I've never done anything like this before. I was encouraged to write a blog by several friends and though not usually one to succum to peer pressure, I figured I would. I'd been thinking about doing this for some time and just decided, with the encouragement of friends that I'd finally dive in. I love to write and haven't taken the time to do so for years, literally. I've been so busy with raising a family that the time has cruzed by without me hardly knowing how it has happened. I find myself so busy with the family and constantly going that weeks have gone by without me knowing how it happened. I find that friends don't get called, chores don't get done and projects remain unfinished. Yet my little men are strong and healthy and way too independant and self assured for me to feel I've missed something.
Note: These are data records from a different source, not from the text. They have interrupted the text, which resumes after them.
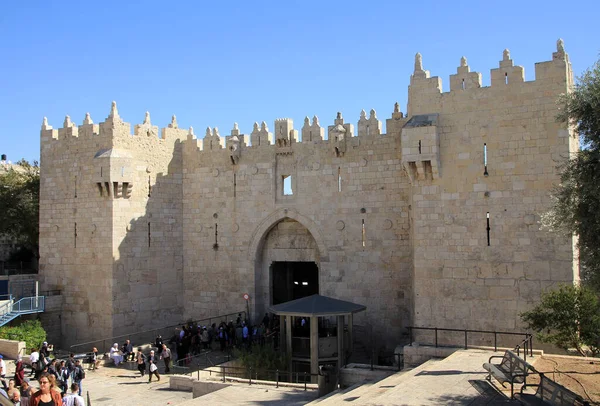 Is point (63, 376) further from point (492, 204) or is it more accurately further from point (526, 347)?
point (492, 204)

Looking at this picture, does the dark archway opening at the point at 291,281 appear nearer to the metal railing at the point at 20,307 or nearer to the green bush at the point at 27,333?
the green bush at the point at 27,333

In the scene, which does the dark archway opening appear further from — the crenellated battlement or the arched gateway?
the crenellated battlement

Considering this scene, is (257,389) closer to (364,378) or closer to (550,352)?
(364,378)

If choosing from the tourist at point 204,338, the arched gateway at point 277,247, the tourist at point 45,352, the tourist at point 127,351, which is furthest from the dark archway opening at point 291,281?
the tourist at point 45,352

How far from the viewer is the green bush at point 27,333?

I can't imagine how others seem to get so much done with more kids than I have. I don't know how, and it doesn't really matter. I do what I can, how I can and find it's enough for my husband and children. If I let anyone else down I'm always sad, yet I know I've been there for the most important people in my life. They are the ones who ignore my bad habbits, love me in spite of how I am and sometimes don't realize I'm even in the room, but I know they love me and are dependant on me staying the course. When I feel like there's no point in the struggle then I look into those beautiful eyes and remember why I'm doing this, the course I set is important and the ultimate goal must be reached at all cost and any sacrifice.
I don't know how often I'll get to this, I don't know if it will be something I'll like to do, but writing has always been a release for me and I'm hoping to find that release in this blog. Hopefully, I'll reach some wonderful friends and family along the way and they'll know how much I think of them and love them all as I run this chaotic race.